What's unique about the water and sanitation "disaster" is that we have the solutions now. We don't have to wait for a cure and we don't need a silver bullet. Organizations implement sustainable water and sanitation projects everyday. What is needed is for these efforts to receive more resources and renown.

This "do-ability" is perhaps the most important reason we should pay attention to water and sanitation. The other reason is that -- as we instinctively know -- water (and sanitation) is at the heart of everything we do in life. We can live without food for weeks. We will die without water in a matter of days.

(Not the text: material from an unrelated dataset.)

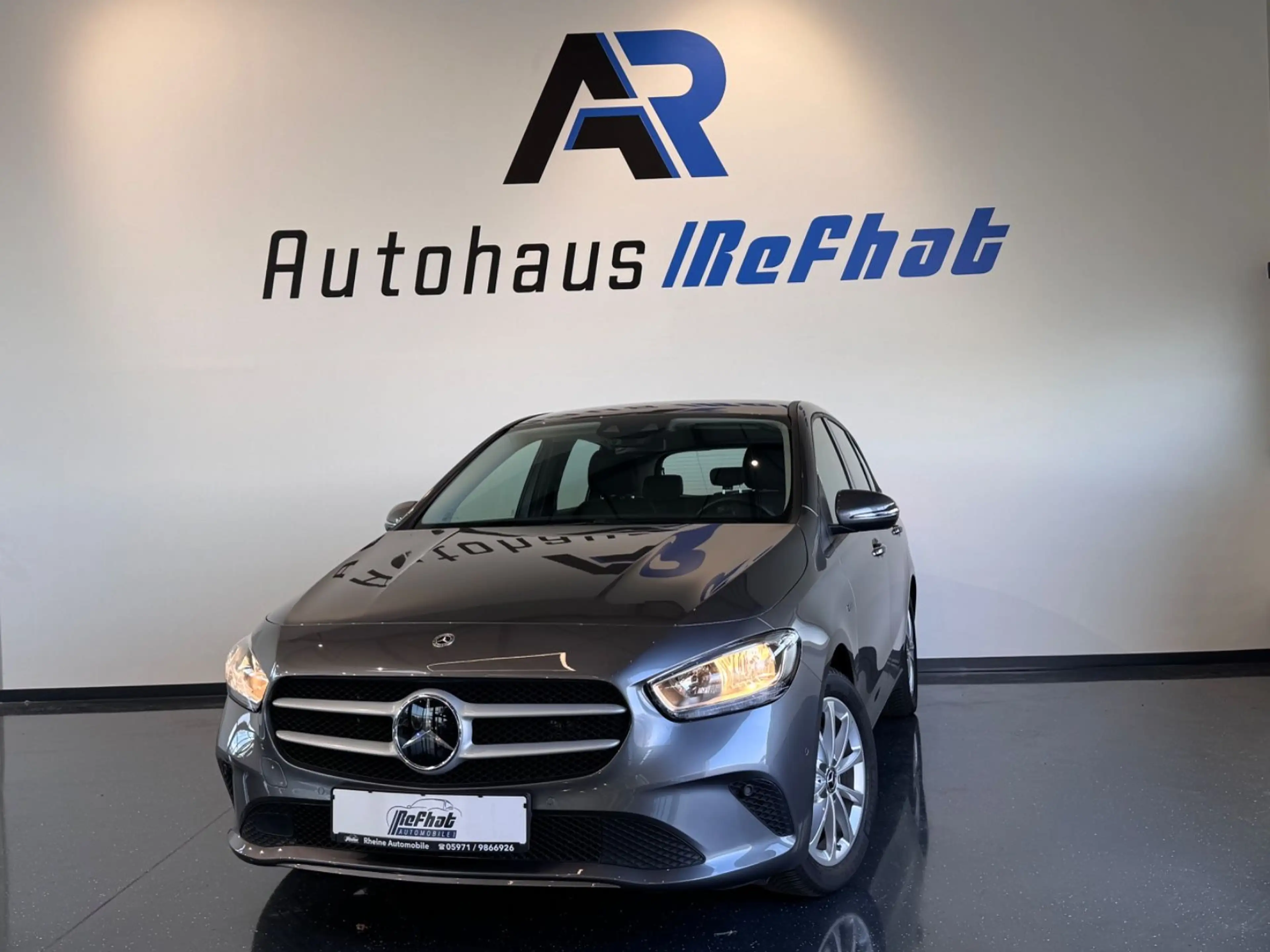 Mercedes-Benz B 250 B250e*AHK*SHZ*PDC*EQ*KAMERA*ABSTANDSTEMP*1-HAND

Water and sanitation are central to health, education and commerce.

In the weeks leading up to World Water Day (March 22) a wide range of happenings ratcheted up the response to the ongoing water and sanitation disaster.

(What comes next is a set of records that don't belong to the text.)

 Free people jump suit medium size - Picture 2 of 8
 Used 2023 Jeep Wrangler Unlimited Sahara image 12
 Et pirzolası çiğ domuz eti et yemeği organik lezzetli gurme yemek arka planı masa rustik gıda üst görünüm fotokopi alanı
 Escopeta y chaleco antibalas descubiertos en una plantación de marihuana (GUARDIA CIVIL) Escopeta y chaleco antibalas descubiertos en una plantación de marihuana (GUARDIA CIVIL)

* UNICEF's Tap Project is raising funds for water and sanitation projects in cooperation with restaurants across the country.

* The UN's "stand up so others can sit down" event focused on the taboo subject of going to the toilet and how 40% of humanity can't do that in a safe, secure way.

* The Water, Sanitation, and Hygiene (WASH)-in-Schools Initiative is addressing the problem that 50% of schools in the developing world lack water and sanitation

These activities demonstrate that everyone can do something to help a global neighbor who suffers needlessly from diseases associated with water and sanitation. In my former work in Africa with Action Against Hunger, I saw firsthand what happened when communities and schools received access to safe drinking water and sanitation: children could attend school; moms no longer had to haul water for miles and had more time to care for their children; a myriad number of disease no longer plagued communities.

At the launch of the Tap Project at the Hearst Tower in NYC, UNICEF Ambassador Lucy Liu said, "I want 'water' to not be a noun; I want it to be an action." Lucy took action by making a video about the drinking water crisis in Ivory Coast.

This World Water Day, let's follow the lead of all those already taking action and think how we ourselves can be a part of the solution too.